= Laura Na Liu =

Chinese physicist

Laura Na Liu (born 1979) is a Chinese physicist focused on researching nano-optics of three-dimensional meta materials as it applies to biology and chemistry. After receiving her undergraduate and master's degree in China, she has had many global opportunities for education and research including Germany and the United States of America. Today, she is a professor at University of Stuttgart in Germany. She has received several awards for her contributions in the field of optics.

== Biography ==
Liu has completed her higher education all over the world.
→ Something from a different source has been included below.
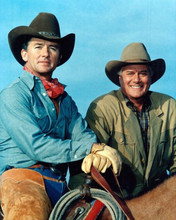 Dallas Patrick Duffy & Larry Hagman in the saddle Bobby & J.R. 8x10 inch photo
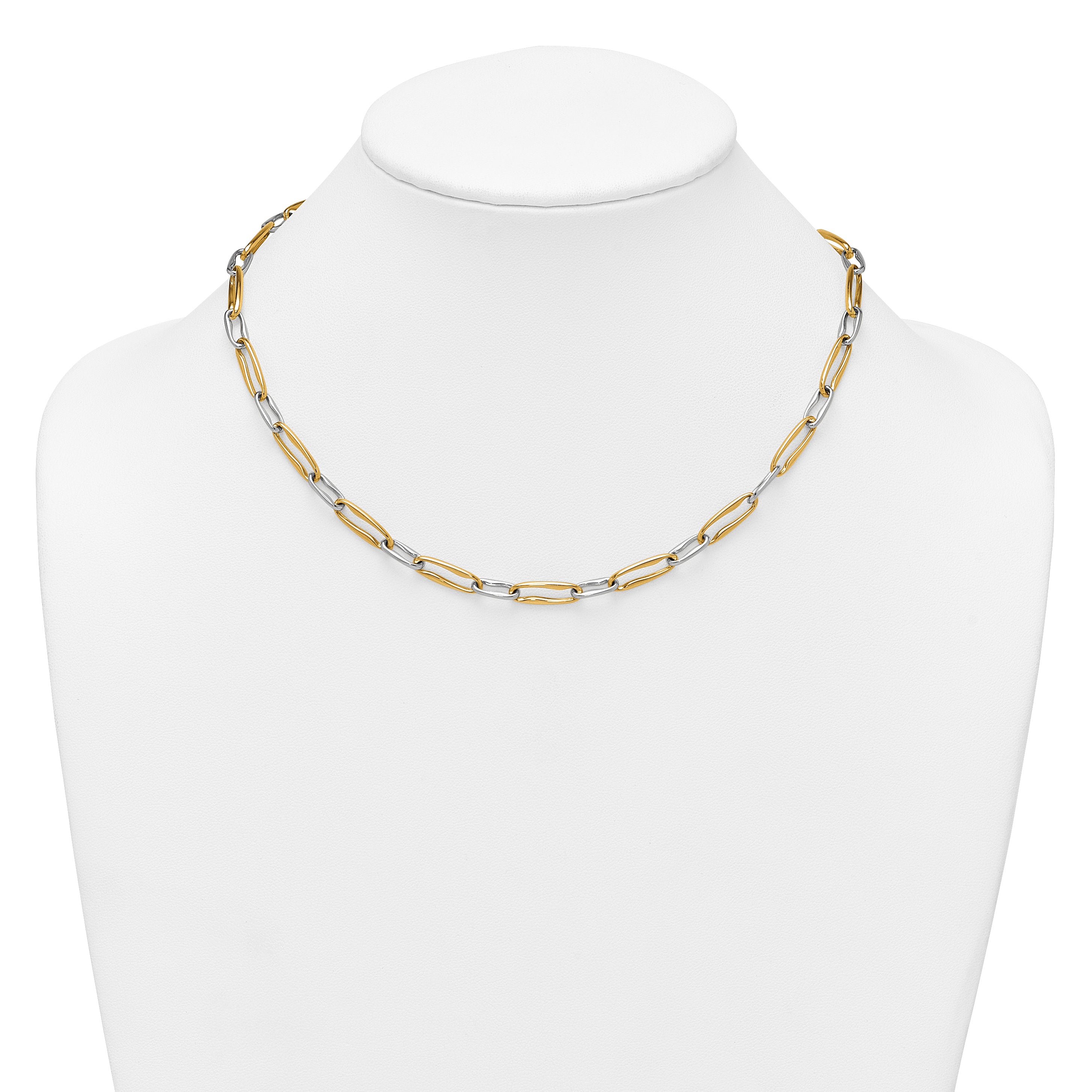 14k Two-tone Polished 5.75mm Fancy Long Link 18 inch Necklace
As a young woman, Liu completed her studies in Beijing and Hong Kong before she moved to Germany and earned a doctorate degree in physics at University of Stuttgart in 2009. In order to succeed, she had to overcome the culture shock between the two countries' lifestyles. A year later she became a postdoctoral fellow at the University of California, Berkeley. In 2011, she transitioned again to Rice University to be a Texas Instrument Visiting professor. The following year, Liu joined the Max-Planck Institute for Intelligent Systems and led the "Small Nanoplasmonics" research group. Since 2015, Liu moved back to Germany and is a professor at University of Stuttgart. Liu has also been married since receiving her degrees in China.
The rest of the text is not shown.